In the early days of the war in Ukraine, commodities in the energy and agriculture sectors displayed the most significant shocks. This was not surprising: Ukraine is a major global supplier of wheat, corn, soybeans, and barley, with an estimated 70% of its land devoted to farmland. At the time, the country supplied 15% of the corn market and 10% of the global supply of wheat, making them the 6th and 7th largest supplier of corn and wheat, respectively, worldwide. Early in the war, the Russian blockade of Black Sea ports, as well as predictions of mass destruction, led to fears of shortages, especially in Africa and Asia, and caused cereal and soybean prices and volatilities to spike. Wheat, corn, and soybeans all reached levels not seen since 2008, with wheat surpassing its 1975 all-time record high (see long-term charts below). Apocalyptic predictions of mass starvation, malnutrition, and sharply higher food prices fueling inflation dominated the press.
Source: OptionMetrics
Source: OptionMetrics
Source: OptionMetrics
Luckily, the most dire predictions did not come to pass. Surplus goods from the rest of the world, as well as robust harvests in Ukraine and Russia and a deal to open the Black Sea ports, allowed wheat, corn, and soybean prices to fall to pre-war levels.

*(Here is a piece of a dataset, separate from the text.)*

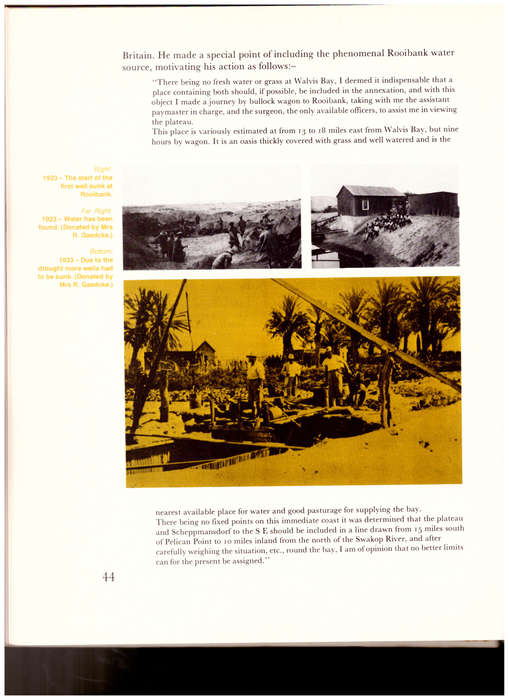 THE HISTORY OF THE PORT AND SETTLEMENT OF WALVIS BAY 1878-1978 *SIGNED* BY AUTHORS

Implied volatility levels, offering insights into the market’s view of potential future price fluctuations and uncertainty, have fallen similarly (see charts below):
Source: OptionMetrics
Source: OptionMetrics
Source: OptionMetrics
Both price and implied volatility levels suggest that war-induced uncertainty is fading and the market is no longer taking war news as seriously as it once did. However, long term implied volatility histories (see charts below) indicate that the market’s complacency with the situation may be overdone and premature:
Source: OptionMetrics
Source: OptionMetrics
Source: OptionMetrics
As is apparent from the longer-term charts, consistent spikes in implied volatility due to annual crop cycles and geopolitical events are a feature of these markets. In the current situation, two factors may cause sudden and unexpected price and volatility shocks. First, Russian threats to terminate the agreement that allow the export of grains through Black Sea ports are a reminder that the war is still “hot” and subject to unpredictable swings. Second, and also war-related, this year’s grain harvests in the region are forecast to be down as much as 50% from pre-war levels. Current relatively low implied volatility and price levels seem to be ignoring these factors and may, therefore, be unsustainable.